NTSB Identification: WPR12FA369
14 CFR Part 91: General Aviation
Accident occurred Saturday, August 25, 2012 in South Lake Tahoe, CA
Aircraft: PIPER PA-32-301T, registration: N588ET
Injuries: 5 Fatal.
This is preliminary information, subject to change, and may contain errors. Any errors in this report will be corrected when the final report has been completed. NTSB investigators either traveled in support of this investigation or conducted a significant amount of investigative work without any travel, and used data obtained from various sources to prepare this aircraft accident report.
On August 25, 2012, about 2145 Pacific daylight time, a Piper PA-32-301T Saratoga, N558ET, impacted trees shortly after departing from Lake Tahoe Airport, South Lake Tahoe, California. The right-seated pilot was operating the airplane under the provisions of 14 Code of Federal Regulations Part 91. The five occupants, which included the right and left-seated private pilots, were fatally injured; the airplane sustained substantial damage. The personal cross-country flight was originating from Lake Tahoe Airport, with a planned destination of Fresno, California. Nighttime visual meteorological conditions prevailed, and no flight plan had been filed.
The occupants departed Fresno earlier that day and landed at Lake Tahoe Airport. After touchdown, a pilot was in communication with two fixed base operator (FBO) attendants and received directions of where to taxi the airplane. While taxiing to the ramp, the airplane’s engine shutdown and it took numerous attempts for the pilots to restart it. Upon parking, the pilots reported to the attendants that the airplane’s fuel/air mixture was difficult to establish at such a high density altitude and that if you operate the engine too lean its temperature will exceed normal operation parameters.
Following dinner, the occupants retuned to the airport with the intention of flying back to Fresno, where the airplane was based. One of pilots made a radio transmission on the Common Traffic Advisory Frequency (UNICOM) stating that they were departing runway 36 and making a “straight out over the lake departure and then a crosswind departure to the left.”

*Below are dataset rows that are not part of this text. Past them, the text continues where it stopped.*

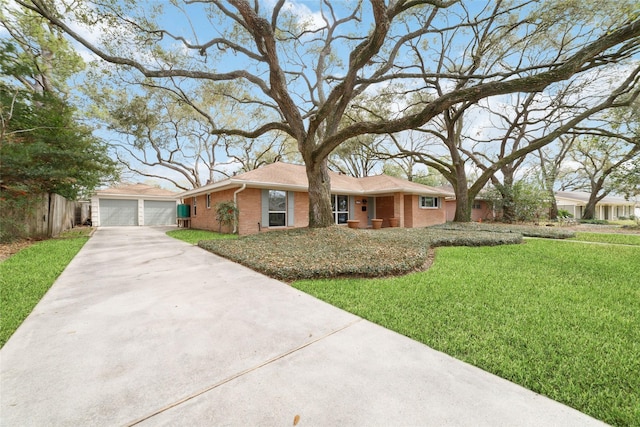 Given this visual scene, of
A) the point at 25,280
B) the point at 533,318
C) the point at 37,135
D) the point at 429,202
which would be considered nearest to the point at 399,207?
the point at 429,202

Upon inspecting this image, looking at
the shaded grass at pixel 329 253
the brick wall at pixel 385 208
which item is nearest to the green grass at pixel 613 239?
the shaded grass at pixel 329 253

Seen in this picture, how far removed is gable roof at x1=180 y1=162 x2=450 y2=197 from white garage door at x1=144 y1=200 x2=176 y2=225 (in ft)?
12.5

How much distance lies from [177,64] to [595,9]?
16.2 meters

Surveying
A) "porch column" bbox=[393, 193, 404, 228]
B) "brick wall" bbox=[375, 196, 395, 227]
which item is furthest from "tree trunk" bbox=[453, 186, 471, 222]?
"brick wall" bbox=[375, 196, 395, 227]

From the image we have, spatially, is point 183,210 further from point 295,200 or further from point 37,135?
point 295,200

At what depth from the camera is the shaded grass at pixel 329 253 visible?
4.70 metres

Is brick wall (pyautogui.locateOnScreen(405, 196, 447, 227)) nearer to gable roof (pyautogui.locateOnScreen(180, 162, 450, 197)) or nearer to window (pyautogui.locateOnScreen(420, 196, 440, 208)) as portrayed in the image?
window (pyautogui.locateOnScreen(420, 196, 440, 208))

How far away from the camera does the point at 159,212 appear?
19.8 m

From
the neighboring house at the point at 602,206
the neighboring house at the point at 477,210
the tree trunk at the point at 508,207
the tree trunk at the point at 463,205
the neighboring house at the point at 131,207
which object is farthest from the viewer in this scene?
the neighboring house at the point at 602,206

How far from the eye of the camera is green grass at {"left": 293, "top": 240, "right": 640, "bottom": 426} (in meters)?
1.80

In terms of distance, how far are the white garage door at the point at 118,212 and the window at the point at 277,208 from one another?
529 inches

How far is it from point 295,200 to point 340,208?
3.40m

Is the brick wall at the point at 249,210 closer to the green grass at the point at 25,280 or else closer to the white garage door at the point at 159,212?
the green grass at the point at 25,280

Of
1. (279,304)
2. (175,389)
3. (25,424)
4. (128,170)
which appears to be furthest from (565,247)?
(128,170) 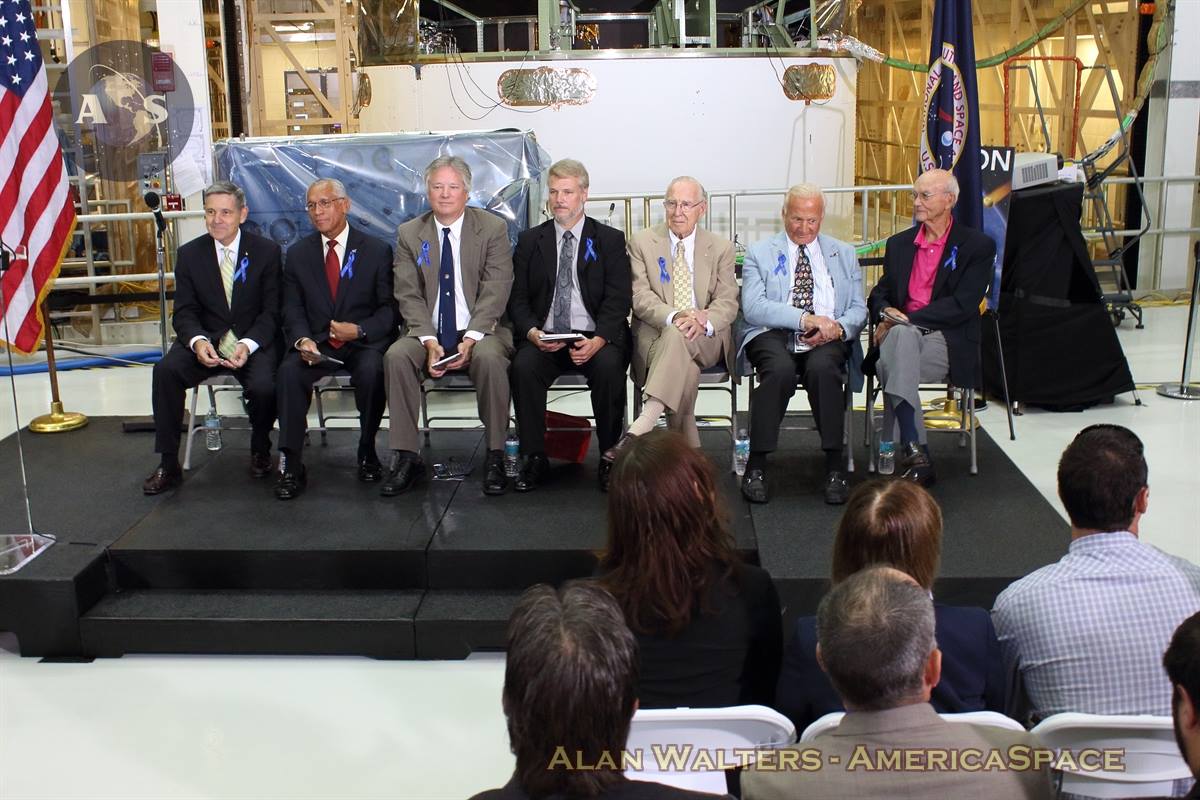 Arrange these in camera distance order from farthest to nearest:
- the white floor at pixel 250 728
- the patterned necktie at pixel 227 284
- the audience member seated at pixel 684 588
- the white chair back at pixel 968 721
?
the patterned necktie at pixel 227 284, the white floor at pixel 250 728, the audience member seated at pixel 684 588, the white chair back at pixel 968 721

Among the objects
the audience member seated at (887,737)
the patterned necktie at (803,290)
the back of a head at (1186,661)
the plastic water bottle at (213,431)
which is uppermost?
the patterned necktie at (803,290)

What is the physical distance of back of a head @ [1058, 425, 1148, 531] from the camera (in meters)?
2.49

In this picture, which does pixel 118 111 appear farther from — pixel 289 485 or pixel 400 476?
pixel 400 476

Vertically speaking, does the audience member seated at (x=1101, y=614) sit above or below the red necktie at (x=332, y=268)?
below

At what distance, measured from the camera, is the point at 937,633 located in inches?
91.4

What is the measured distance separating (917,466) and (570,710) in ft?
11.0

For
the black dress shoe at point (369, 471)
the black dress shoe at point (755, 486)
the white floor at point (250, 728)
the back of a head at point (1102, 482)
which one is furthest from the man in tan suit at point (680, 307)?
the back of a head at point (1102, 482)

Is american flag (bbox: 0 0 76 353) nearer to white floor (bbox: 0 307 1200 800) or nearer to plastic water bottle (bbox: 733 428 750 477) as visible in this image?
white floor (bbox: 0 307 1200 800)

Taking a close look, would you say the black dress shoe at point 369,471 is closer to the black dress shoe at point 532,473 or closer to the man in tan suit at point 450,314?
the man in tan suit at point 450,314

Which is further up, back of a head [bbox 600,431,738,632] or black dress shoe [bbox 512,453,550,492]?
back of a head [bbox 600,431,738,632]

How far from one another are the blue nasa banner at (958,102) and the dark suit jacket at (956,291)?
775mm

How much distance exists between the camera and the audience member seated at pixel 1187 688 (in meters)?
1.51

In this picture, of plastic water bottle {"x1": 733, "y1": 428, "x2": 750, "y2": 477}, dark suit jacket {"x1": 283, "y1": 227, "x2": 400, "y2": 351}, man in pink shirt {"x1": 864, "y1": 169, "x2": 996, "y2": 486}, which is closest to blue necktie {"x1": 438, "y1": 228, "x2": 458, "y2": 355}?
dark suit jacket {"x1": 283, "y1": 227, "x2": 400, "y2": 351}

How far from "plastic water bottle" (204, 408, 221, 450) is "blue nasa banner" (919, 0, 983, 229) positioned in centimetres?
351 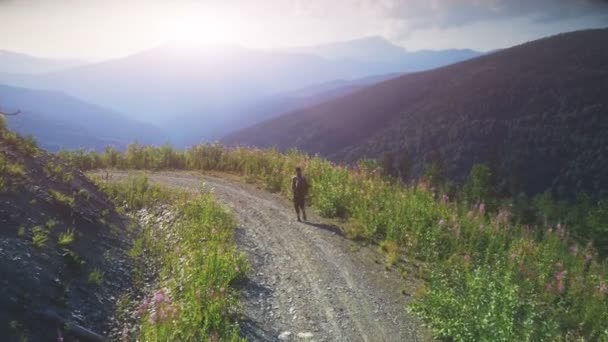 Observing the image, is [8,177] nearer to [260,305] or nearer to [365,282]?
[260,305]

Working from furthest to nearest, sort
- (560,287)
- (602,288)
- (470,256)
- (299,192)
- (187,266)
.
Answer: (299,192)
(470,256)
(187,266)
(560,287)
(602,288)

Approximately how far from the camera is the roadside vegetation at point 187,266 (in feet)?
24.6

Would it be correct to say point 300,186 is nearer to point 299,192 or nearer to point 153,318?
point 299,192

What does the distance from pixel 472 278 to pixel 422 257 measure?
8.68 ft

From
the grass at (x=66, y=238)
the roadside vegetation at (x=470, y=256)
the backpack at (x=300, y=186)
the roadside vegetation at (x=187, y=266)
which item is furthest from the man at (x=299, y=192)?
the grass at (x=66, y=238)

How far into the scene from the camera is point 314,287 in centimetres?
1012

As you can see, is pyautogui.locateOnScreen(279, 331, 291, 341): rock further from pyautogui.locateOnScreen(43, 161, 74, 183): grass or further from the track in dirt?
pyautogui.locateOnScreen(43, 161, 74, 183): grass

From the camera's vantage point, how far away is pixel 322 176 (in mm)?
18812

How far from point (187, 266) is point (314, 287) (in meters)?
2.94

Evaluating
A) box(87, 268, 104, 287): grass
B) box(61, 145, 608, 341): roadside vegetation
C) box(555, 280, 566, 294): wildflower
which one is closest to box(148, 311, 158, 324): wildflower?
box(61, 145, 608, 341): roadside vegetation

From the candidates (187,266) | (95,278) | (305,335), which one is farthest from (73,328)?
(305,335)

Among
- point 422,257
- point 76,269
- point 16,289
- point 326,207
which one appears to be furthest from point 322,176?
point 16,289

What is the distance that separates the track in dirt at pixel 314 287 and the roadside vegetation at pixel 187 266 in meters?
0.55

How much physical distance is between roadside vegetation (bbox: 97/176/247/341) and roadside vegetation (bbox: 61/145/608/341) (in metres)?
0.29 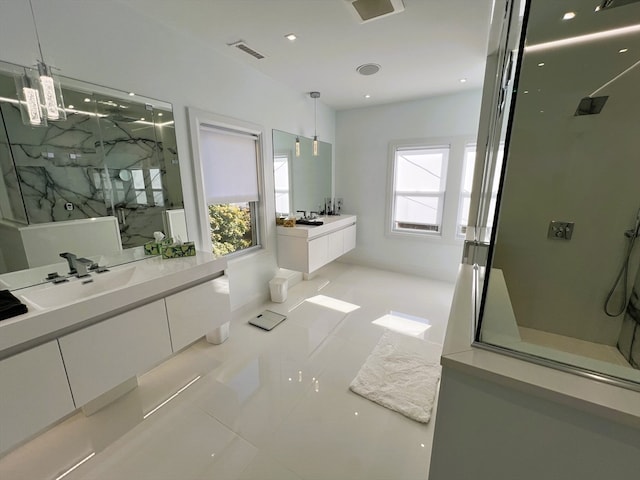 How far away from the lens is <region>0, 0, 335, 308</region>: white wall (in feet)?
4.84

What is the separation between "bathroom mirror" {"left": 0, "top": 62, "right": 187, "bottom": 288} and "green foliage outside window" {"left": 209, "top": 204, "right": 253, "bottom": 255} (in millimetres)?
476

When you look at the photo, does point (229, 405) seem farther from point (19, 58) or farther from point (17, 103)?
point (19, 58)

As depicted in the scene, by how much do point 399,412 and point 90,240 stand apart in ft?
7.99

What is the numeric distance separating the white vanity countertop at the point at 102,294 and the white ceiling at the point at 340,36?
1795 millimetres

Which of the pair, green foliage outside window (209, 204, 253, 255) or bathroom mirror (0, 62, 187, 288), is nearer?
bathroom mirror (0, 62, 187, 288)

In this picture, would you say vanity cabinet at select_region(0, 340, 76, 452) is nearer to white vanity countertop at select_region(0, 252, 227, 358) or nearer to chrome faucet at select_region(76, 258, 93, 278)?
white vanity countertop at select_region(0, 252, 227, 358)

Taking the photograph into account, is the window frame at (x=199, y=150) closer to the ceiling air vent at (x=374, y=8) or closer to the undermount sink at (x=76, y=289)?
the undermount sink at (x=76, y=289)

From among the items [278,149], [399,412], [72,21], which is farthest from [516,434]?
[278,149]

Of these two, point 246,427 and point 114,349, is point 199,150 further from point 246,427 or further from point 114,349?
point 246,427

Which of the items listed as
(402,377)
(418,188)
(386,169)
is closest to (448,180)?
(418,188)

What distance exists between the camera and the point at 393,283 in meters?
4.00

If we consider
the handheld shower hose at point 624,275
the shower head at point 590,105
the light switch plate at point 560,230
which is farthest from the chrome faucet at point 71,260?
the handheld shower hose at point 624,275

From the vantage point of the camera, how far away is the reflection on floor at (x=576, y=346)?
74.5 inches

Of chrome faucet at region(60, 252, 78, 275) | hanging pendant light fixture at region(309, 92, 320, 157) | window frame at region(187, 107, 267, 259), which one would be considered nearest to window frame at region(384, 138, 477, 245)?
hanging pendant light fixture at region(309, 92, 320, 157) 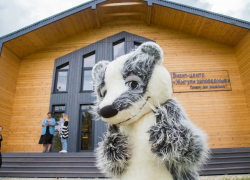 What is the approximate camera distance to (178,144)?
1030mm

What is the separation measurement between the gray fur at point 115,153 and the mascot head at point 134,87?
0.11m

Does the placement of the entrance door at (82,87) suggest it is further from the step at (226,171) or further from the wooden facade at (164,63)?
the step at (226,171)

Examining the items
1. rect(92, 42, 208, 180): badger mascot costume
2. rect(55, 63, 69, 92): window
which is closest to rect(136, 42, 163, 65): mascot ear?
rect(92, 42, 208, 180): badger mascot costume

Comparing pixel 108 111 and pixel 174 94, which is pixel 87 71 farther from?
pixel 108 111

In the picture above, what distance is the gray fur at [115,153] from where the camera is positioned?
1.20 m

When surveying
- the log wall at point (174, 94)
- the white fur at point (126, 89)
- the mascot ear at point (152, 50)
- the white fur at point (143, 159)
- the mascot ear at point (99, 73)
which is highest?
the log wall at point (174, 94)

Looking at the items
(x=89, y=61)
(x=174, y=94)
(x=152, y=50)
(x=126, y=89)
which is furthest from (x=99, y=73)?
(x=89, y=61)

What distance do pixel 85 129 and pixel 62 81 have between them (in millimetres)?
2408

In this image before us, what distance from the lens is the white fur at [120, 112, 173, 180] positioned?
3.74 ft

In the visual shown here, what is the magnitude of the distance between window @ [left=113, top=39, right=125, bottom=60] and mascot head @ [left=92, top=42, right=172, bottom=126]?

A review of the recorded security camera footage at the airport revealed that the airplane could be seen in the nighttime conditions by a blinking light. The airplane appeared to depart from runway 36 and near the end of the runway began an ascent. The light appeared to level off and then a flash of light occurs in the area of the accident site.
Numerous witnesses reported hearing the airplane depart and noticed that the engine noise sounded labored, as if it was not producing full power. The airplane impacted trees located about 0.43 nautical miles (nm) north of the departure end of runway 36 and came to rest about 300 feet further north.